» **What the exercise asks**:
From the material below, retype exactly the lines that begin at the line with "Stay Golden Cosmetics" and end after the line with "Cotton Waffle Blanket"; pictures stay out of the copy.

» **Task input**:
------------------------
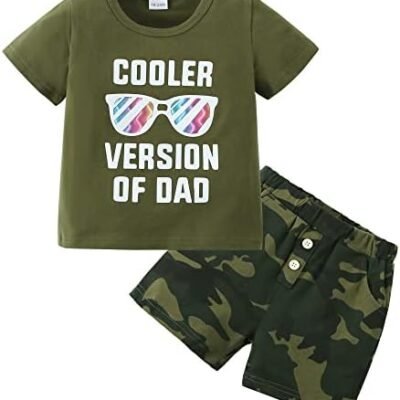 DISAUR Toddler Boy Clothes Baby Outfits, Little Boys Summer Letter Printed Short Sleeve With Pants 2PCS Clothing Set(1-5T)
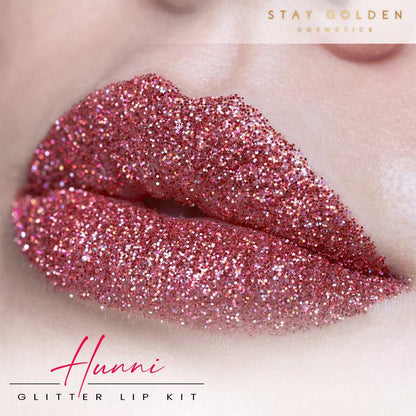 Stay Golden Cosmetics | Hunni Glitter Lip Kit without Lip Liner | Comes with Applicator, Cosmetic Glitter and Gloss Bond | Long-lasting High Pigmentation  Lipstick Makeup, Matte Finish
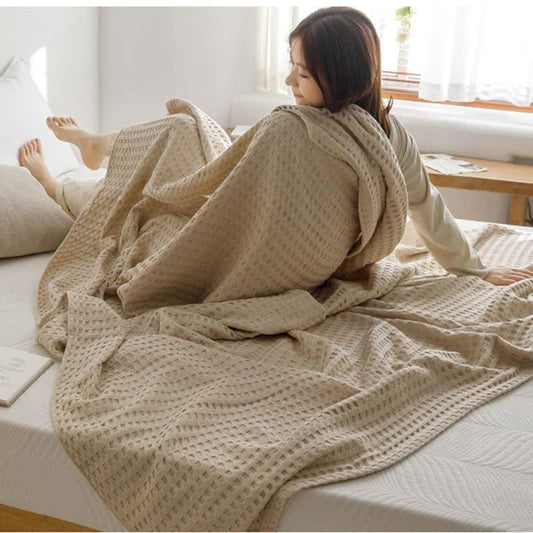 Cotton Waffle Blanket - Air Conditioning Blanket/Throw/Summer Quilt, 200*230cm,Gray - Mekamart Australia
------------------------
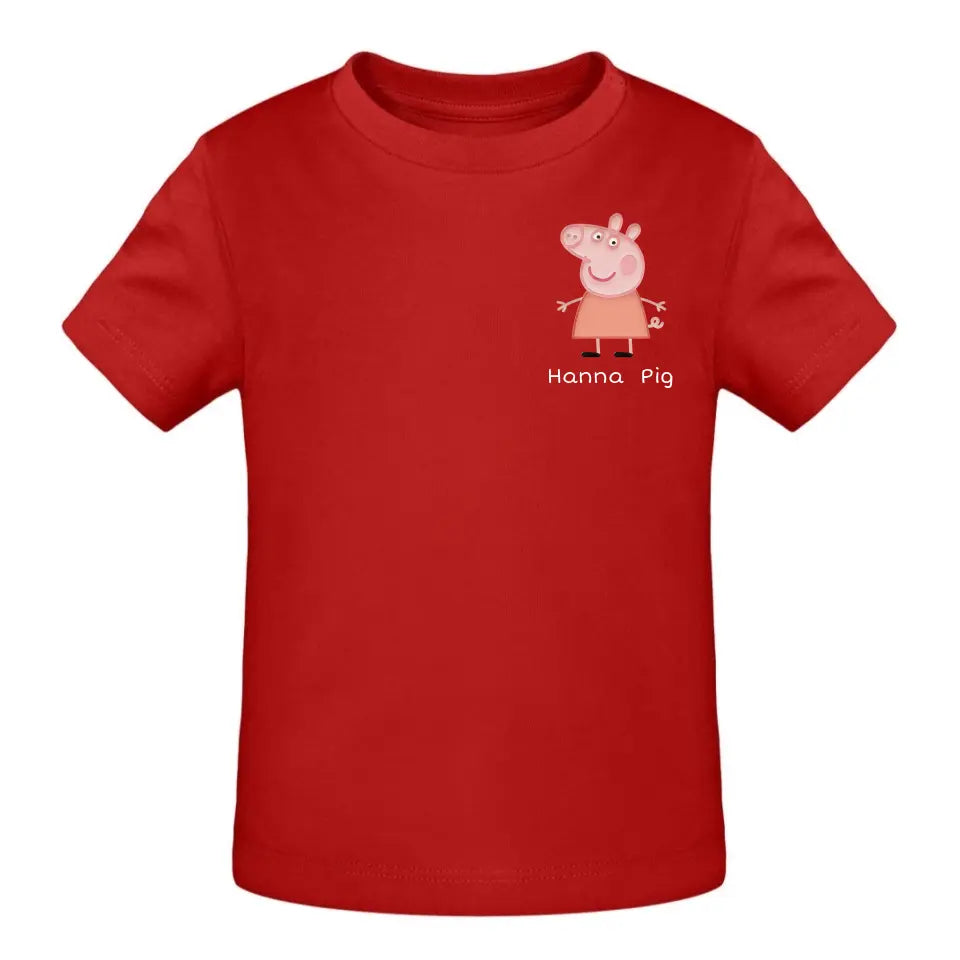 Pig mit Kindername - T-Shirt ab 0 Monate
------------------------
» **Solution**:
 Stay Golden Cosmetics | Hunni Glitter Lip Kit without Lip Liner | Comes with Applicator, Cosmetic Glitter and Gloss Bond | Long-lasting High Pigmentation  Lipstick Makeup, Matte Finish
 Cotton Waffle Blanket - Air Conditioning Blanket/Throw/Summer Quilt, 200*230cm,Gray - Mekamart Australia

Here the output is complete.